A Oran et pour la deuxième journée consécutive, aucun train n'a circulé hier au niveau des trois gares ferroviaires. Selon un représentant du syndicat des travailleurs de la société nationale de transport ferroviaire (SNTF), la grève a été suivie à 100% au niveau des gares d'Oran, Es-Sénia et Oued Tlélat, tous services confondus. Tous les agents du service train, les mécaniciens et les agents des services recettes (les gares) sont entrés en grève illimitée depuis lundi, affirme notre interlocuteur, qui ajoute que le service train emploie quelque 78 contrôleurs et chauffeurs et près de 70 mécaniciens. La grève a pénalisé des centaines de voyageurs, puisque aucun train n'a pris le départ depuis les trois gares d'Oran. Une situation qui a contraint les usagers du rail à se rabattre sur les autres moyens de transport, notamment les taxis, pour effectuer leurs déplacements.

A. Mallem et J.B. Le Quotidien d’Oran. 19 octobre 2011

 

 

La grève des cheminots gagne l’Est et l’Ouest

 

Les cheminots de la Société nationale des transports ferroviaires (SNTF) poursuivent leur grève illimitée pour le troisième jour consécutif. Le mouvement de protestation s'est même généralisé, pour atteindre les régions de l'est et l'ouest du pays, où le suivi a été estimé à près de 90%.

 

Les travailleurs du dépôt principal de Souk Ahras, poumon de toute l'activité ferroviaire de l'est algérien ont, à titre d'exemple, renforcé les rangs des protestataires à partir d'hier matin, paralysant toutes les gares ferroviaires de Souk-Ahras,  Constantine, Tébessa et les mines de phosphate de Djebel Onk et de fer de Boukhadra et Ouenza, ce qui va assurément engendrer des pertes considérables à l'économie nationale.

Le transport de voyageurs est ainsi considérablement  touché.
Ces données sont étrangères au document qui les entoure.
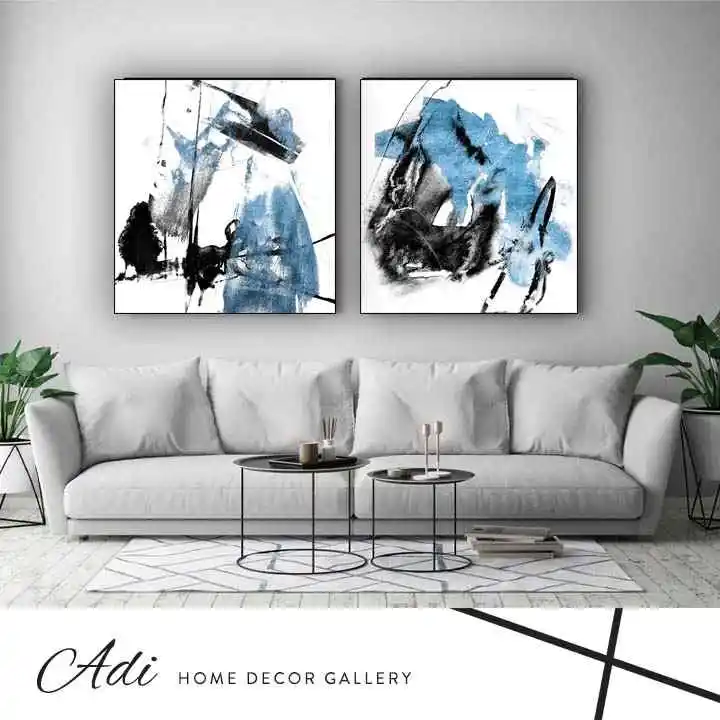 זוג תמונות קנבס אבסטרקט גווני שחור ותכלת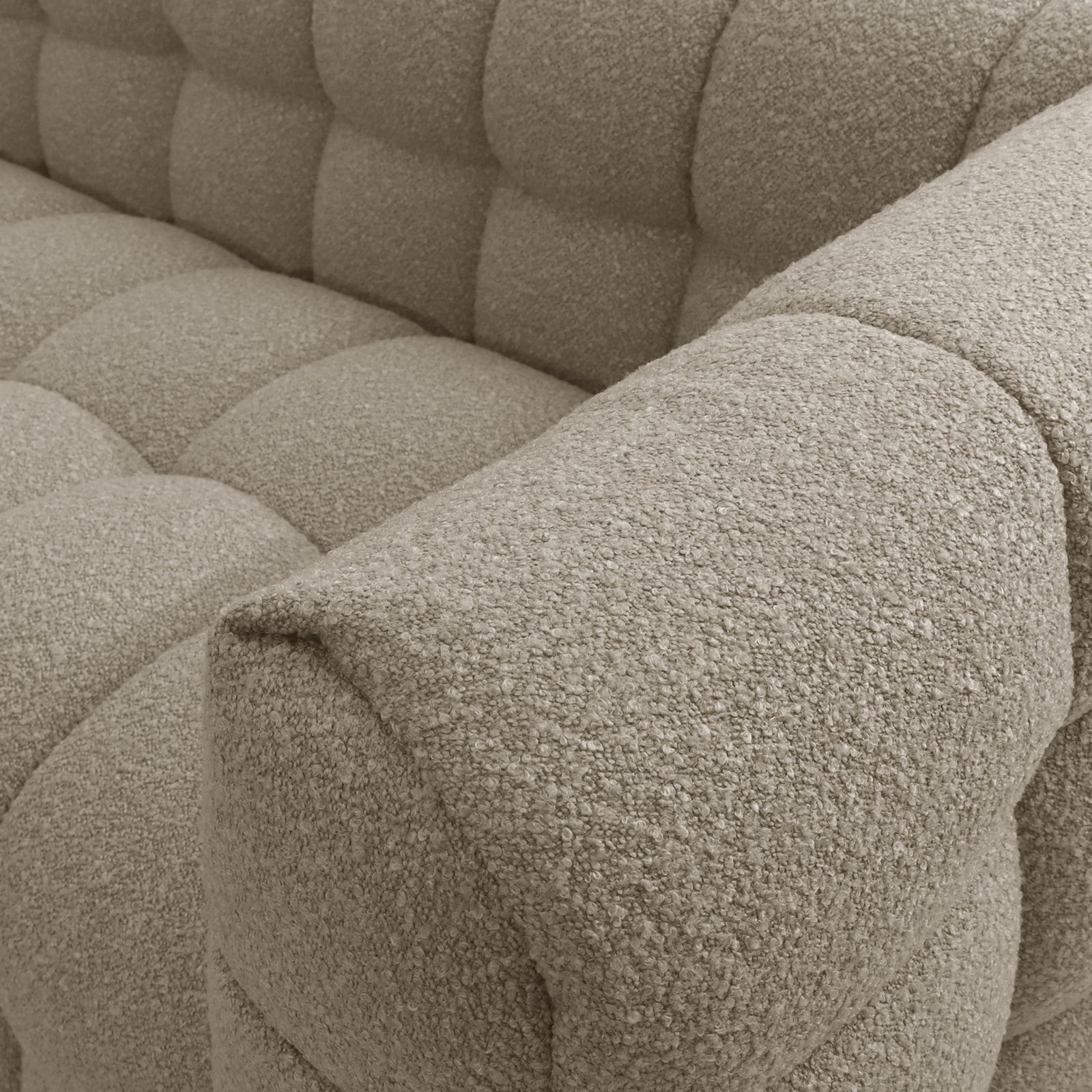 Norah 5 Seater Boucle Sofa Set With Ottoman in Warm Beige, showcasing tufted, nubby boucle upholstery with oversized quilted squares on the seat, back, and arms, exuding elegance and comfort.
Les trains sont bloqués depuis trois jours, plongeant dans le désarroi des milliers de voyageurs. Contacté par nos soins hier, M. Hamadache, responsable syndical au dépôt d'Alger, a avancé un taux de suivi de 100% dans la wilaya d'Alger. Les cheminots sont décidés à aller jusqu'au bout de leurs revendications. Il s'agit particulièrement du versement des rappels de salaires depuis 2009. Les grévistes sont pessimistes et affirment que la direction générale n'a pas l'intention de répondre à leur appel.

Cette dernière a évoqué des difficultés financières «non convaincantes», de l'avis des grévistes. Le bras de fer entre les deux parties est ainsi sérieusement engagé. Selon les déclarations d'Abdelkrim Chenchen, secrétaire général du syndicat à la direction régionale d'Annaba, «plus de 2000 délégués des travailleurs de l'ensemble des zones sont en regroupement à Alger et comptent organiser un rassemblement devant la centrale syndicale.

Selon la même source, le débrayage décidé par les travailleurs de l'est du pays a notamment entraîné la suspension des approvisionnements en phosphate de la société des engrais phosphatés de Fertial, et en minerai de fer du complexe sidérurgique d’El Hadjar. L'acheminement par train d'autres produits miniers destinés à l'exportation via le port d'Annaba est également suspendu, sans oublier le fret ferroviaire.